Las invasiones de color y los caprichosos perfiles de las vegetaciones o, tal vez, telones de fondo, que enmarcan a los retratados, crean una atmósfera con tintes oníricos que en todos los casos coincide con la sensibilidad peculiar de cada personaje. Y no se trata de simples decoraciones. No. Hay algo venido de los paisajes virtuales, una especie de nuevo ectoplasma (Kardec y el espiritismo en general se hubieran quedado perplejos ante estos fantasmas luminosos nacidos del ser del fantasma objeto de la creación fotográfica) que brota del personaje, a veces lo rodea y otras se alarga o enrosca para hacer un comentario fundamental sobre el color de su vida y de sus trabajos de creación.

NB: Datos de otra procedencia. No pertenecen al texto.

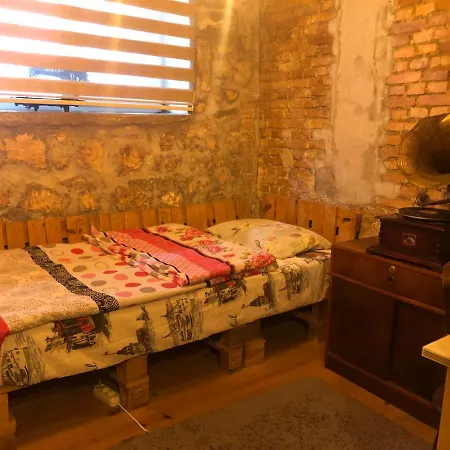 Ozzy Homes Appartement *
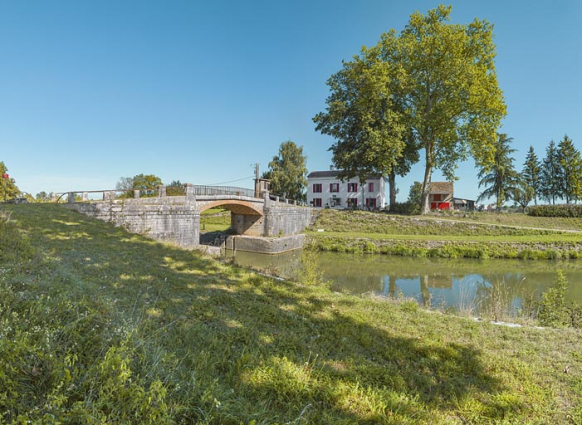 Vue d'ensemble du site, avec au centre, le pont sur écluse et à droite la maison éclusière et ses dépendances. © Région Bourgogne-Franche-Comté, Inventaire du patrimoine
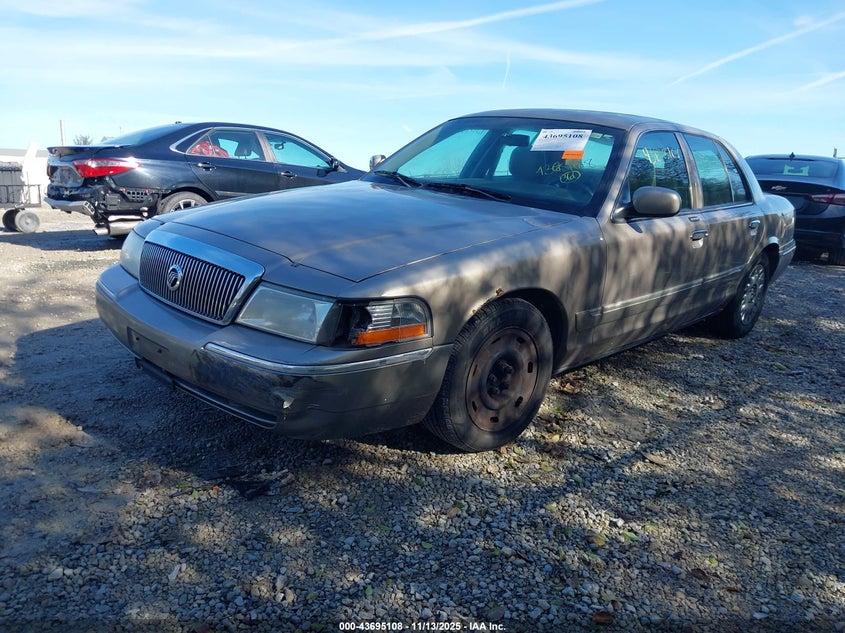 2MEFM74W54X620273 2004 MERCURY GRAND MARQUIS photo no. 2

Flores Olea, en esta galería de retratos de amigos y de personajes que han influido en el desarrollo intelectual y artístico de México, muestra el respeto del verdadero artista por los materiales con los que trabaja (recordemos la veneración de Moore por sus piedras y su admiración por la escultura olmeca que lo llevó a enunciar su teoría basada en el principio de la "petricidad"): su vieja y fiel cámara, sus cámaras novísimas y muy versátiles, los ácidos y otros seres del mundo químico, los hermosos papeles donde el milagro toma su forma y su computadora que, al mismo tiempo, ayuda y propone. Víctor acepta una buena parte de esas propuestas y, a su vez, plantea al cerebro electrónico sus ideas y sugerencias. De esta sorprendente colaboración entre lo real y lo virtual, entre el artista y sus medios tradicionales y lo que viene de las ondas y arcanos diseñados por el hombre de nuestro brave new world, nace este libro que testimonia, a la vez, una aventura de la inteligencia artística y un triunfo de la técnica y sus cada día más prodigiosas formas de expresión.